A train of loose cabooses

But for the vegetation, you’d swear you were in the Bahamas
beaver island fly fishing
Photo: Mike Sepelak

We drift quietly to the lee side, set the anchors, and slip over the aluminum gunnels into the cool turquoise water. Crystal clear. Rocky bottom. Surface slick as glass. Smallie haunts. But being a day short of the smallmouth season opener, we wade instead to shore and dive into the dense, hardy cover that keeps this thin spit of island from blowing away in the Lake Michigan winds.

But for the vegetation, you’d swear you were in the Bahamas. Emerald-edged coastlines fall to Indigo blue depths. Water so clear you could read the mint date off a dime at six feet.

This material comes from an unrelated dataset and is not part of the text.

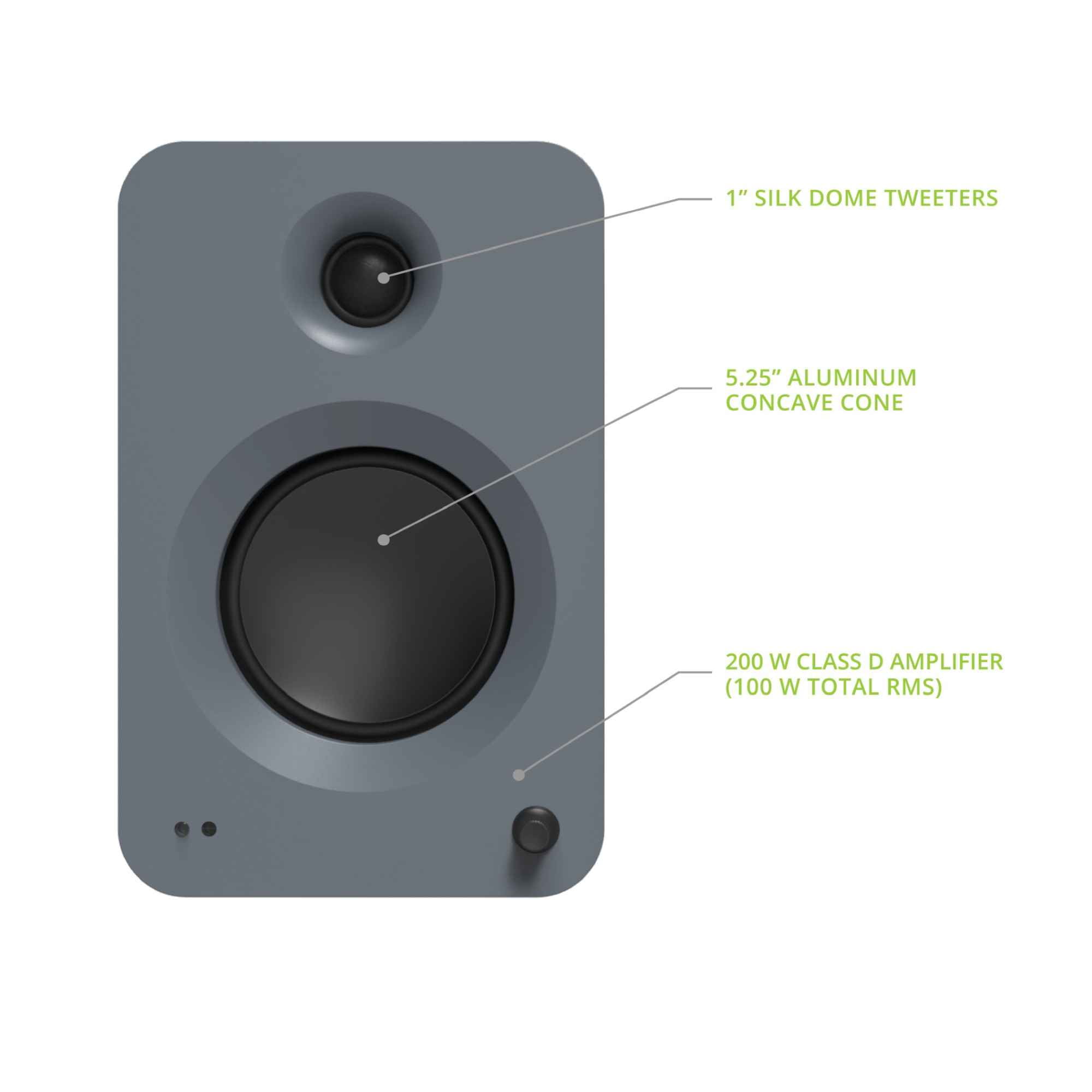 Kanto Ren Powered Speaker System (matte grey) and SUB8 Powered 8in Subwoofer (black)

But the spray isn’t salty and the sun shines until ten and it’s Oberon, not Kalik, that waits at the takeout. South Andros, Beaver Island. Two sides of the dime, heads and tails, both shiny and bright.

We bushwhack over the spit, trading glances between our rod tips and our feet, avoiding tangles in the scrub with the former and snakes with the latter. Steve hates Mr. No Shoulders, but we see only the occasional garter or northern so there’s no worries there, though Steve might disagree. Cam leads the way, pushing through the brush, the whisper of slick waders passing through undergrowth adds hushed compliment to the rising wind. Another Bahamian anomaly, waders. That and the snakes.

Along the windward north shore they flow, dark shadows that slide east to west along the edge, following contours that we can’t comprehend. Thermals. Geology. Perhaps the pheromones of preceding passages. Ten feet from shore, then sixty and back, in long graceful arcs, seeming random until you realize that each single, each pair, each pod of three that pass, follow the same line, as if on rails. A train of loose cabooses, they’re that big.

beaver island fly fishing
Photo: Mike Sepelak

We pick our spots, our stations, where the invisible tracks bring the carp close enough to reach in this facefull of breeze, tucking in tight to shoreline weeds to break up our profile, finding seams in the brambles through which to thread our backcasts. Following contours of our own.

But today the fish aren’t interested and ignore our invitations to derail, spurning faux crayfish and gobies and other enticements, even on the occasional proper presentation. They just ride along on their tracks as we curse them and the wind and our casting inadequacies.

But we don’t really mean it. Or maybe we do. Either way, we just wait for the next string of cabooses and then we try again.